On paper, the lawsuit may have been submitted by the national restaurant industry, but we know that behind those parties is the American Gas Association, which is heavily invested in the case. Curiously, the restaurant industry couldn’t even articulate which business was theoretically harmed by our law. We know that many of the world’s leading restaurants from fast food to Michelin-starred are doing just fine with all-electric.

Legal theories aside, we also know what this is really about: the idea that business profits trump local and state government’s right to protect their community’s right to health and a habitable climate.

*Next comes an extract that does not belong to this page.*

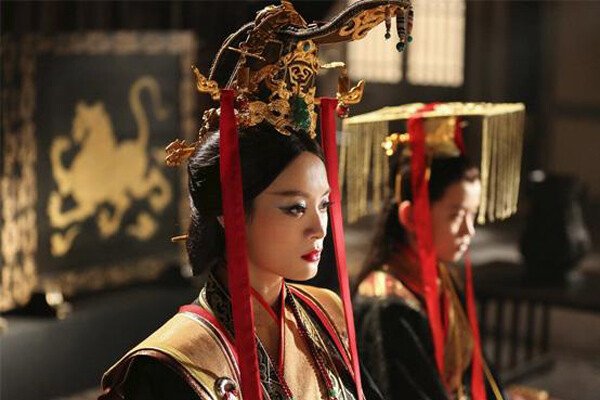 ����Ϊʲôһֱ�ǰ��� �����ĵ�λ�;��������պ������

In the meantime, the California Air Resources Board has moved to ban new and existing gas furnaces and water heaters by 2030, the Bay Area Air Quality Management is set to ban new and existing gas appliances as early as 2027, the state has provided for reach codes that require gas appliances to prove they are more efficient than electric appliances, and buildings across the state and the country are built all electric for economic reasons. More than 70 communities in California, including San Francisco, Los Angeles and San Jose, and many cities beyond—Seattle and New York City to name a couple—have decided that gas runs counter to public health and climate protection. This decision, if left uncontested, is yet another assault on our communities, working communities, and future generations.

Just like the movement for same-sex marriage, which faced legal hurdles, only to be finally enshrined by the California Supreme Court and eventually the U.S. Supreme Court, this is a movement that cannot be stopped.